_Exercise requirements:_ Please write out all of the data below exactly, without including the pictures.

_Information shown:_
++++++++++

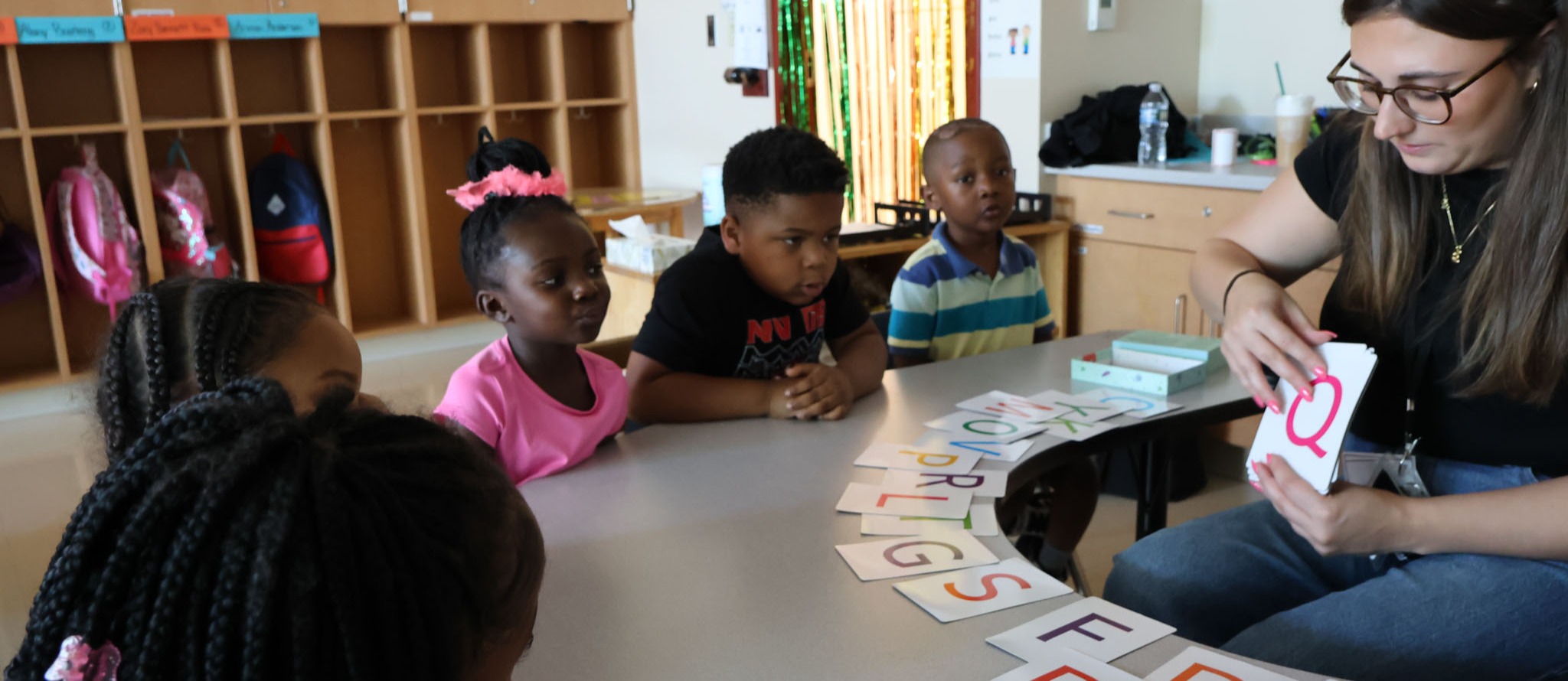 A woman sits with four children at a table with alphabet cards. The woman holds up a card.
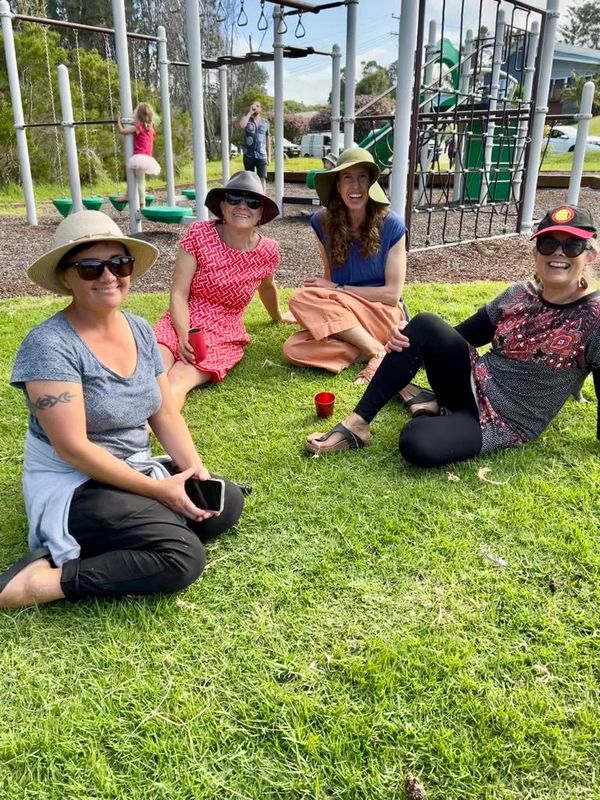 three smiling women sitting on the lawn in front of a playground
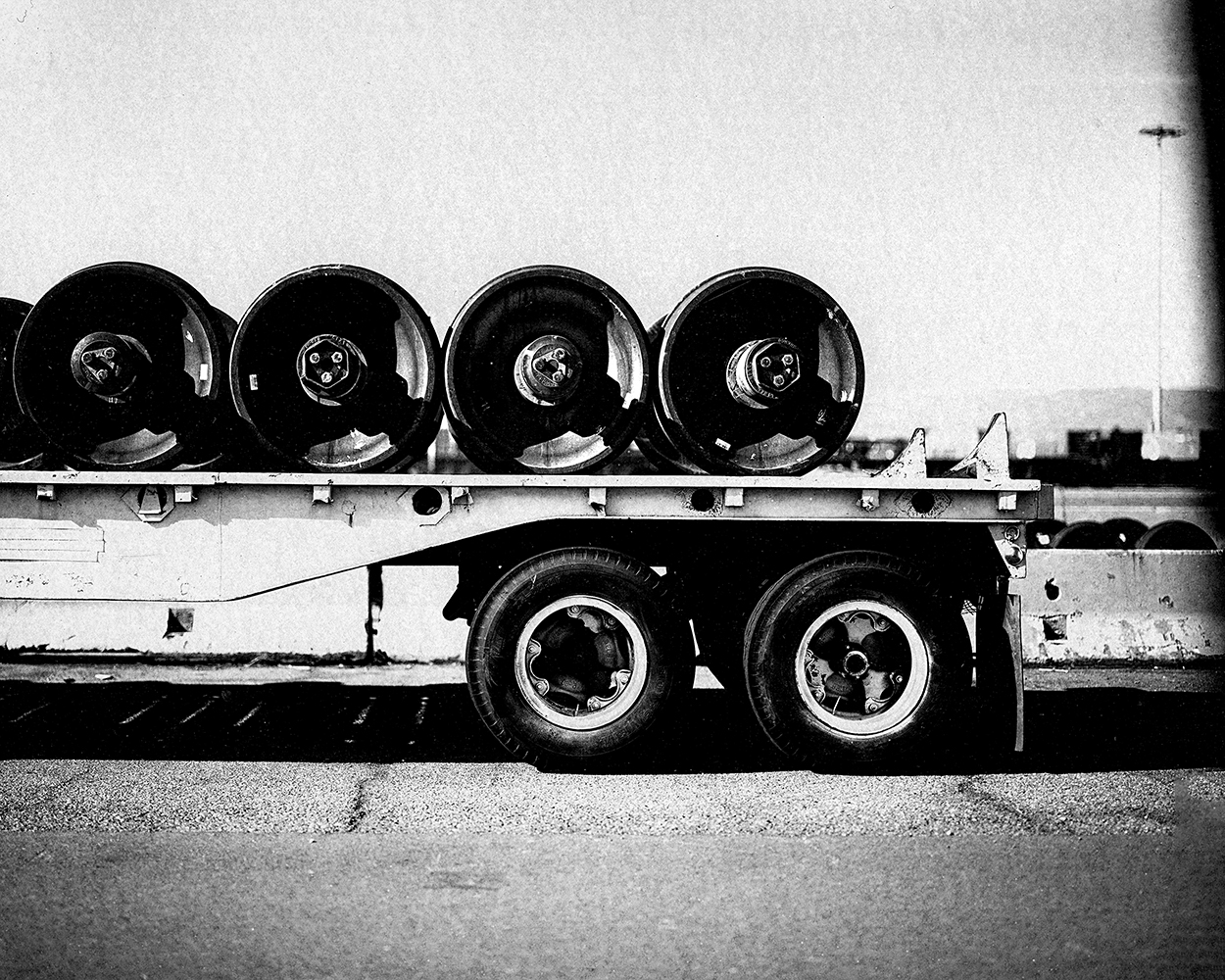 Flatbed truck loaded with four large industrial wheels or turbine components in geometric horizontal arrangement with clear sky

++++++++++

_Output below:_
 A woman sits with four children at a table with alphabet cards. The woman holds up a card.
 three smiling women sitting on the lawn in front of a playground
 Flatbed truck loaded with four large industrial wheels or turbine components in geometric horizontal arrangement with clear sky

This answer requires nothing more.